Strength and conditioning is not the panacea, but Georgia’s historic success was built not so much on having the better atheletes, but rather on having the stronger and more fit players in the game when it counted. CMR seems routinely to sign better prospects than Coach Dooley generally had, but Dooley seemed more able to put players who could bring it in the second half.
I’m optomistic Coach Friend can take clearly talented players and make them winners on the field for Georgia.
In close games last year, despite Murray’s overall performance, he seem to suffer from some nerves on top of some questionable offensive calls. These factors are not reflected in these statistics as but one bad throw in an otherwise good day can lose the game.
I am being optimistic that Murray control some of his nerves. I think as most likely will agree the first two games of the 2011 season will dictate the rest of the year as well as much of the coaches fates.
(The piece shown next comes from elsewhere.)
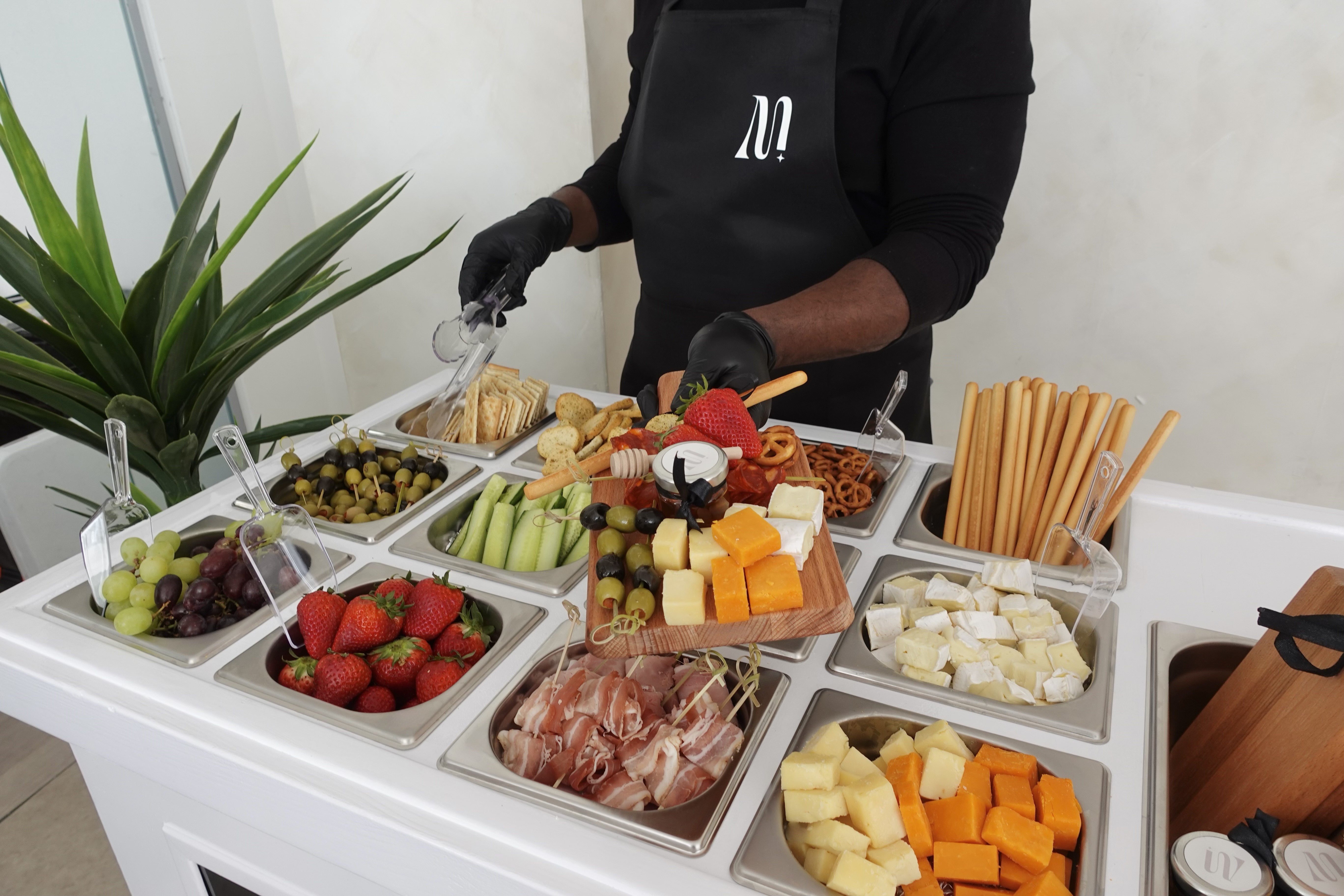 A vibrant buffet features fresh strawberries, assorted cheeses, olives, crackers, and pretzel sticks elegantly displayed in stainless containers under bright lighting.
It is a heavy burden and therefore this is where he needs to show up. The burden is not on Crowell, but ultimately on the field general.
A great RB like Lattimore but a QB like Garcia sure did reach some success but I do not think they actually achieved their potential.
Same during the era of H. Walker, without a wiser QB, I do not think UGA could have achieved greatness.
You had me up until the wiser QB. Buck was a average QB that had the greatest college RB of all times to hand off to. He had one great play that year and nobody can take that away the scramble and pass to Scott will forever stand as a great play. That said he completed 1 pass in the Sugar Bowl. We could have gotten 1 pass completion if we had let HW throw it form the Shotgun. Even Buck will admit the only thing he really had to do was not fumble the snap or the hand off to HW.
Just goes to show average ability (at best) can take you far if you are in the right place at the right time. I would say the same about his sports talk ability if I thought it was average. But it ain’t even that. He needs a Hershel to hand off in sports talk, but all he got is a Jasper Sanks.
Georgia’s offense was different back then. By the standards of Georgia QBs throughtout the ’70s and ’80s, Buck was good.
… but not as good as Goff, of whom a little more was asked.
Some of the guys that rip on Murray for not being a “winner” remind me of the arguments some baseball fans use to disparage great pitchers with poor W-L records.
QBs and pitchers are the most important players on their respective fields, but they’re not responsible for everything.
That line of thinking would make too much sense, though. Clearly not good enough for the unabashed Murray haters that troll here.
7 posts in and not one “FIRE BOBO” comment???? Y’all are slipping. 🙂
Last season felt like we kept calling heads and it kept falling tails.